Misty, where in AZ and how much are you lookin to spend? Craigslist is probably the best place to go for inexpensive, but like nvr2many said, you get what you pay for. That being said, there's this one up by me that doesn't look too bad.

HORSE TRAILER - 2 Horse - SOLID

This one is in Phoenix and looks really nice:
Horse Trailer - 2 horse/straight load

This one is super clean for the price:
97 CM 2 Horse
_Posted via Mobile Device_


----------



## nvr2many (Jan 18, 2011)

Oh and how big are your horses??? Mine are huge and needed an XT XW. That will make a difference also.


----------



## misty moon (Sep 1, 2011)

Any where between 800 and 1000 would be nice but I'm not sure I will be able to find anything safe to put my horse in for that price. Im in Scottsdale/Phoenix area. But I keep my horse in sun city so if there is anything out there that would be ok too. Thank you!
_Posted via Mobile Device_


----------



## DraftyAiresMum (Jun 1, 2011)

You're not gonna find much at all in that range. This one is about the only one I found under $1000:

1981 Two Horse Trailer

There is a stock trailer in Globe listed for $1000, but it needs new tires, which will run you $500+, so out of your budget.
_Posted via Mobile Device_


----------



## Sharpie (May 24, 2009)

I don't think you'll find one ready to roll your horses in safely for that price, at least not with another couple thousand in repairs first.

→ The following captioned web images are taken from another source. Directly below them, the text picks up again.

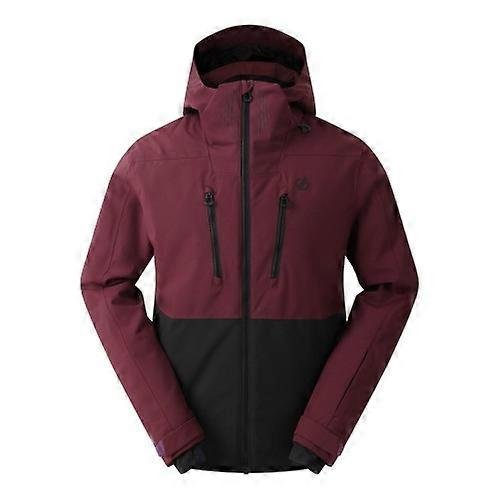 Dare 2B Mens Baseplate III Ski Jacket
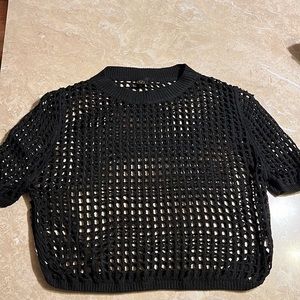 100% polyester made in china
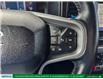 2022 Ford Bronco Black Diamond (Stk: L8884) in London - Image 20 of 29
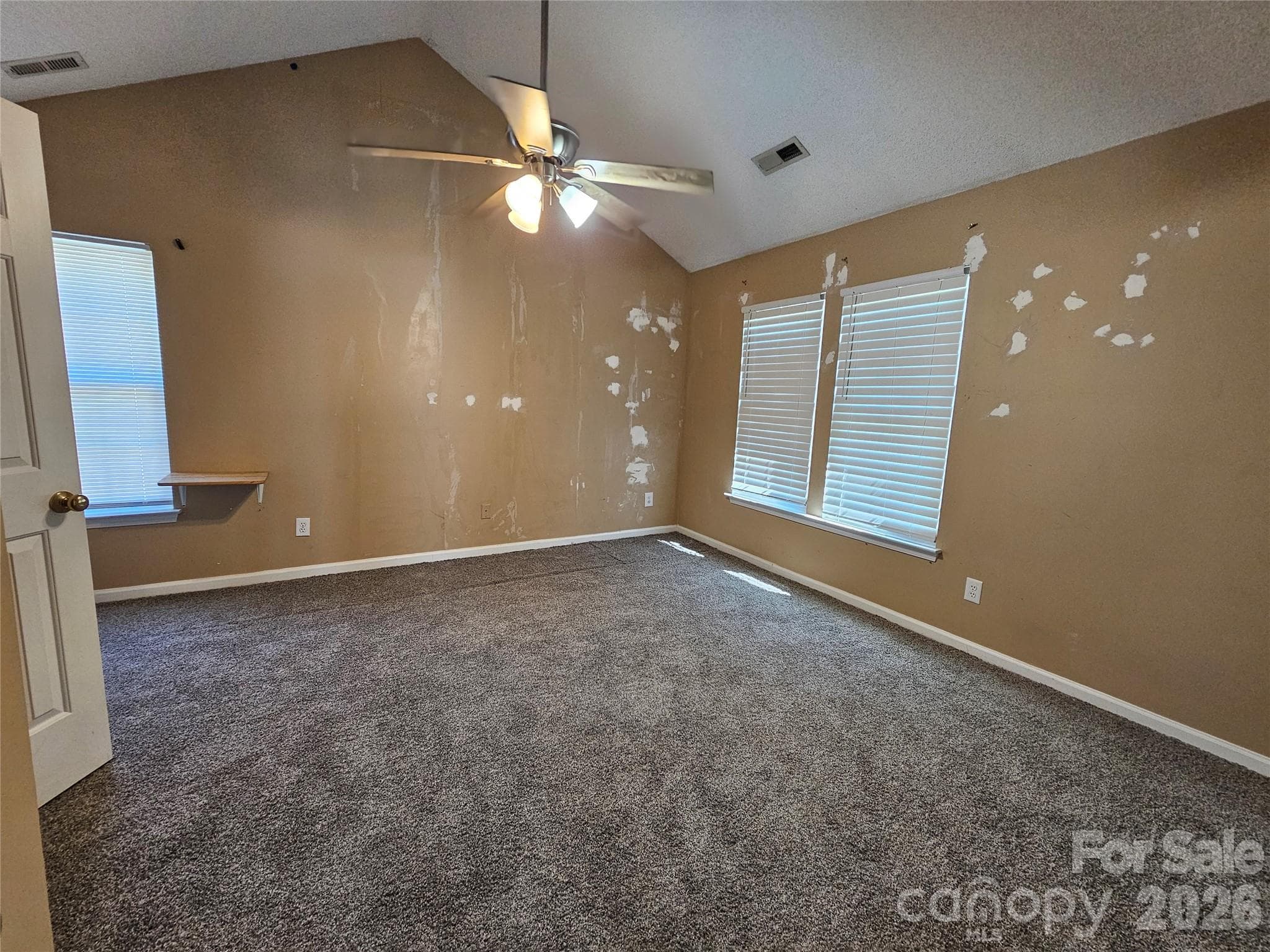 Single Family Residence at 7402 Shiras Court, Charlotte, photo 22 of 25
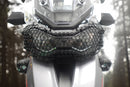 Triumph Tiger 900 GT [2020–2023] - Scheinwerferschutz
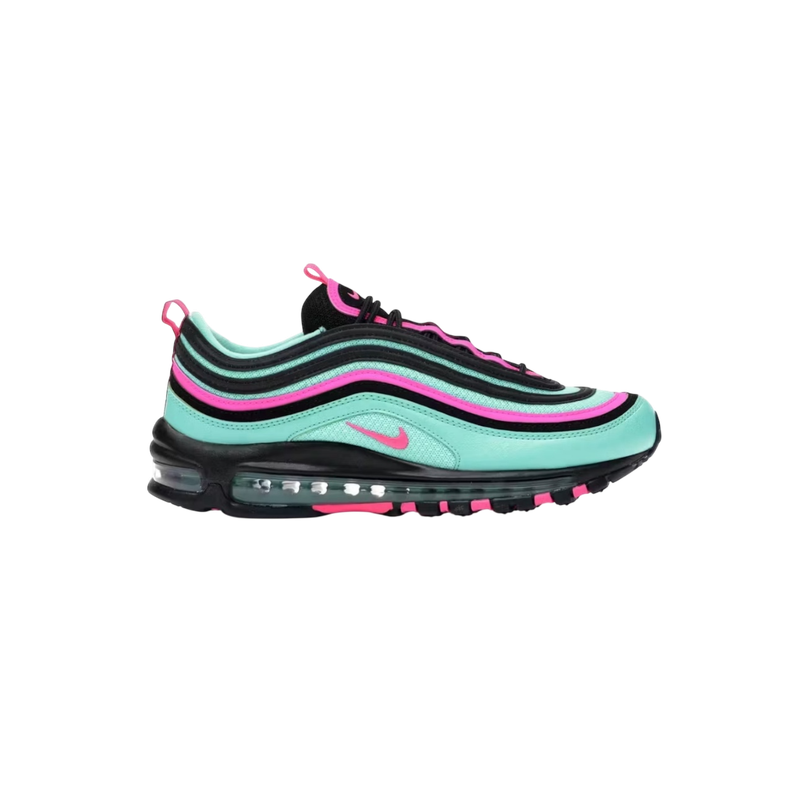 Nike Air Max 97 South Beach Alternate 9.5M PO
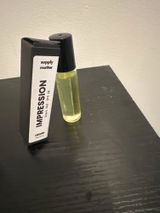 Levi B. review photo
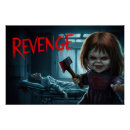 Recherche de poupées posters Doll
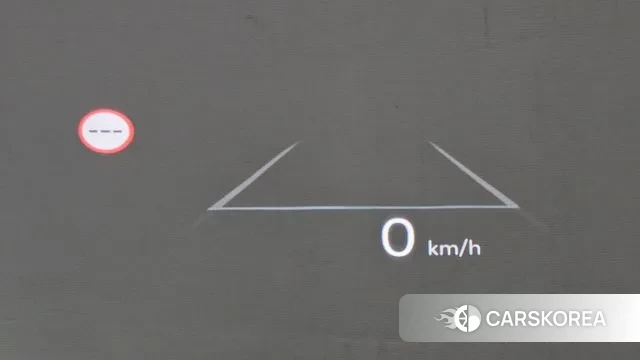 Hyundai Santa Fe (MX5) id 3776175 из Кореи 8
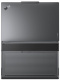 фото Ноутбук  Lenovo ThinkPad X9-14 в Санкт-Петербургe 14 ", Core Ultra 7, 32 Гб RAM, 1 Тб SSD, Arc graphics, Серый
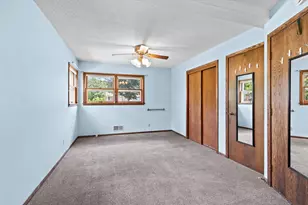 1561 Chamber St, Saint Paul, MN 55106 - Photo 16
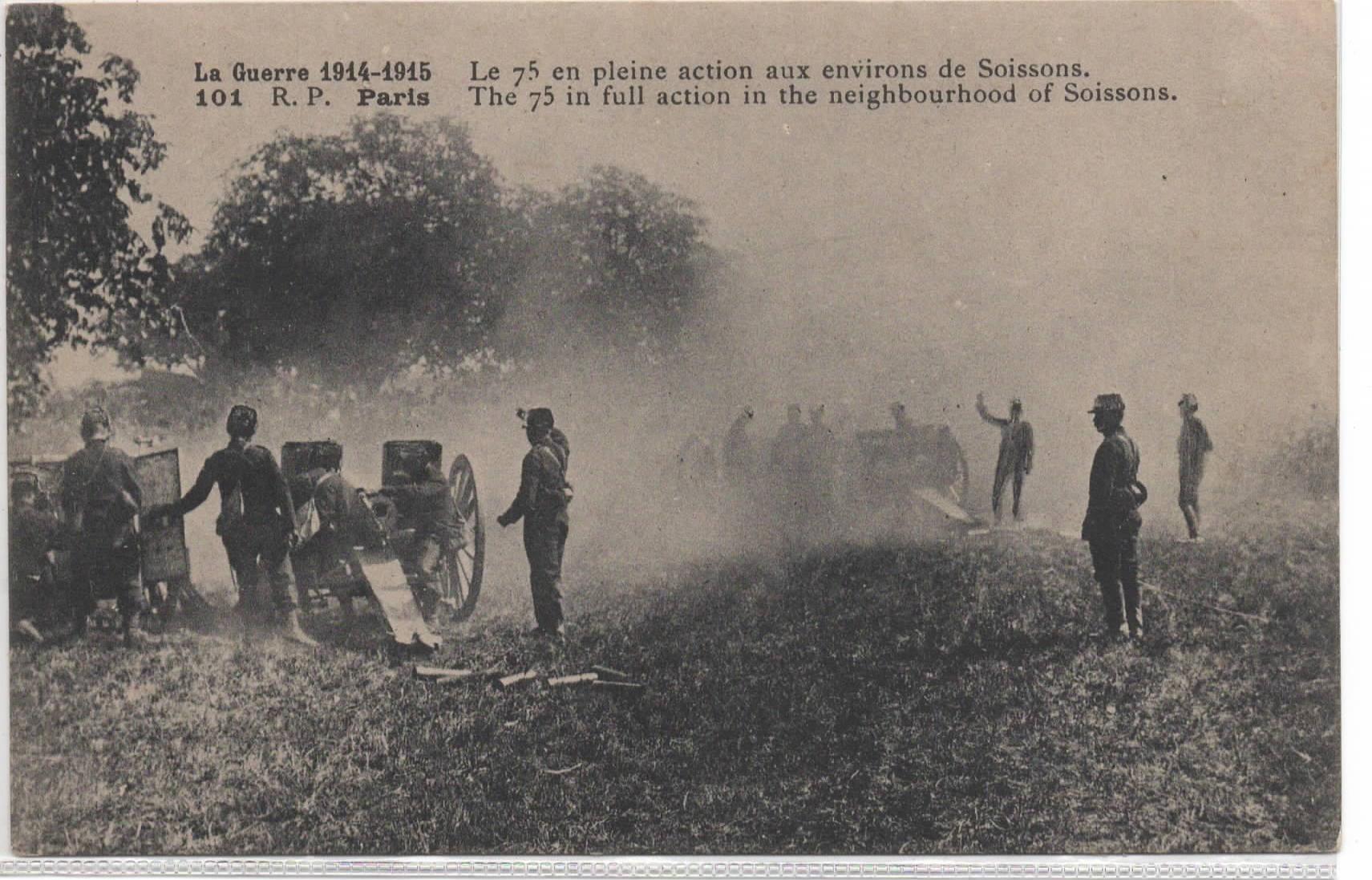 Cpa soissons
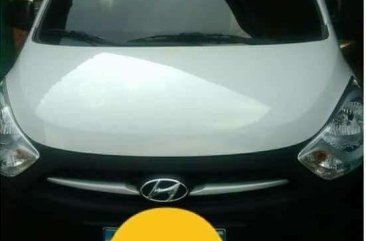 Hyundai i10 2014 for sale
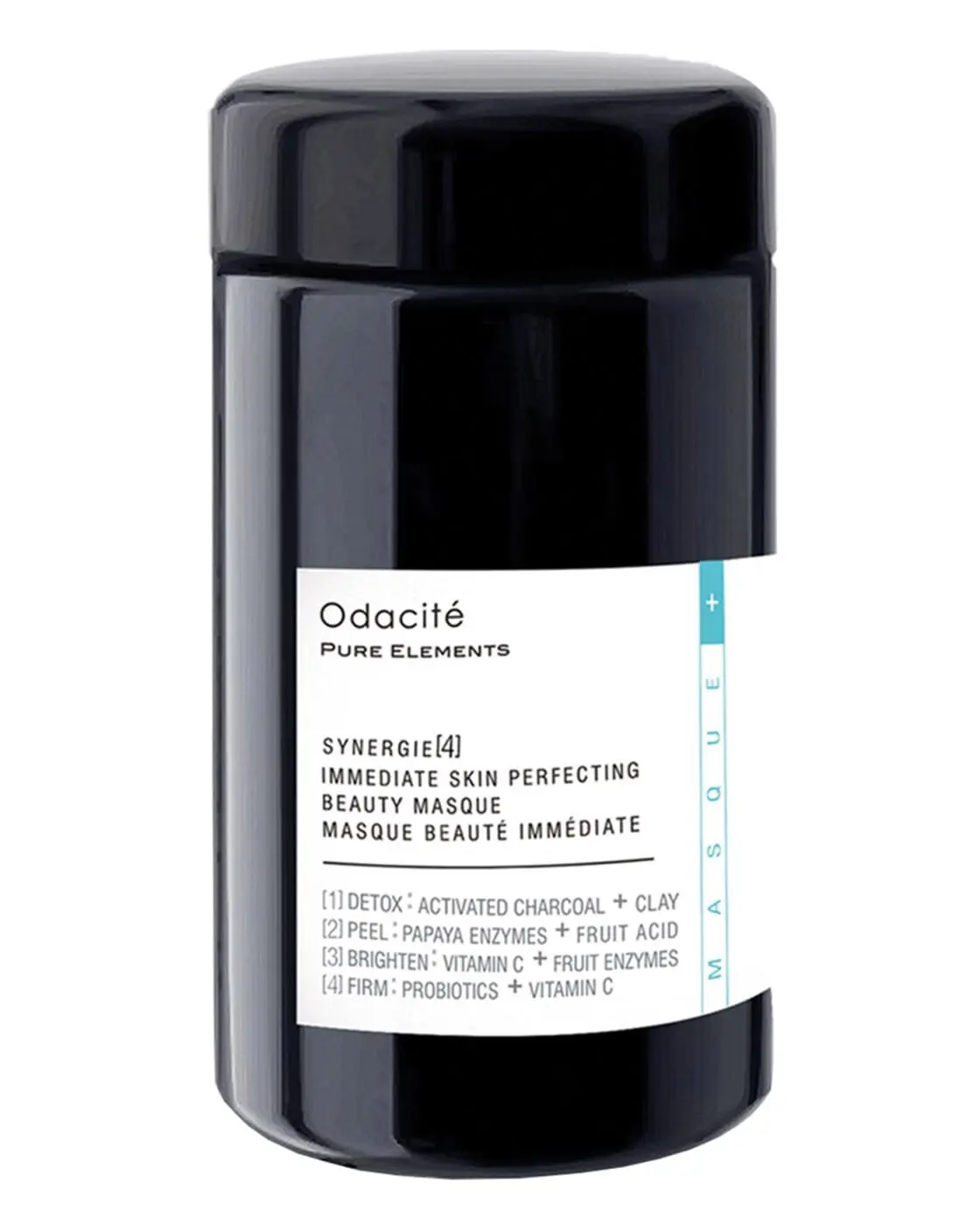Best facial peels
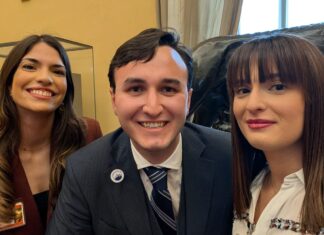 Giovani&Futuro presenta una proposta di legge per tutelare il diritto al lavoro delle persone con malattie invisibili Giovani&Futuro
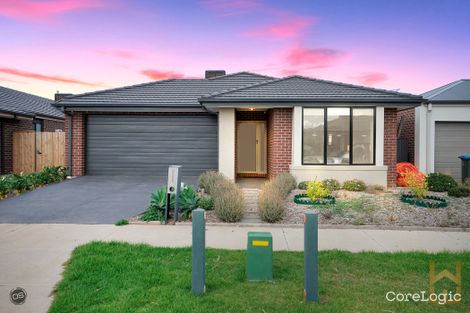 Property photo of 18 Sugarlea Street Manor Lakes VIC 3024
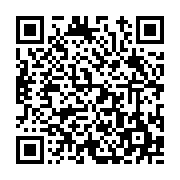 고시/공고 페이지 바로가기 주소(https://www.jangseong.go.kr/q/ezIyOHwxODQ2MXxzaG93fHBhZ2U9ODc1fQ==&e=M&s=3), QRCODE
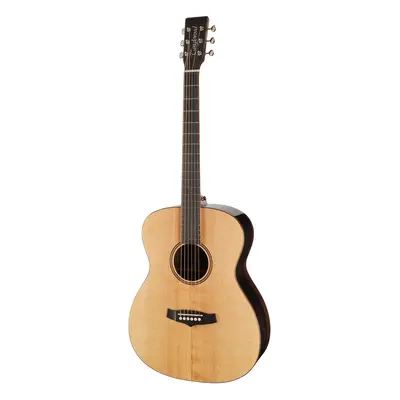 Tanglewood TWJF E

In the meanwhile, keep saving and keep looking. Horserailerworld sometimes has some great deals when an owner wants to sell something quick. They go as fast as you'd imagine though, so you've got to be on top of it and ready to go and buy asap if you see one.


----------



## misty moon (Sep 1, 2011)

Yes! I agree there is nothing in that price that would be able to pull my horse safely! When I said 800 to 1000 I was saying I wish trailers could be that cheap. I was just looking for a safe affordable trailer. But I have found a friend who passes me on the way to competitions and is happy to pick me and my horse up on the way there, so I have more time to think about what kind of trailer I want anyways! Thank you guys for all of your help though!


----------



## Phly (Nov 14, 2012)

I guess we're spoiled with trailers here. I seen 3 good trailers sell yesterday for 400 to 600 each. And a few stocks for 6-800. All useable at time of sale. But be glad y'all don't have the rust issues we have. Check out farm auctions. Auction zip is a good sight to find sales near you.
_Posted via Mobile Device_


----------



## DraftyAiresMum (Jun 1, 2011)

Phly, it seems like in our area that as horse prices went down, trailer prices went up. You used to be able to get a pretty decent two-horse straight load for under $1000. Now you're lucky if you find a useable two-horse straight for under $2000. Even stock trailers have gone up quite a bit.
_Posted via Mobile Device_


----------



## Phly (Nov 14, 2012)

Wow. That sucks. We got cheap horses, cheap trailers, and insanely expensive hay.
_Posted via Mobile Device_


----------



## DraftyAiresMum (Jun 1, 2011)

Horses are actually not as inexpensive here as they are elsewhere. Rarely do you find even an unbroke, unregistered horse for under $1000. Usually the ones under $1000 are really old or really young or have serious issues.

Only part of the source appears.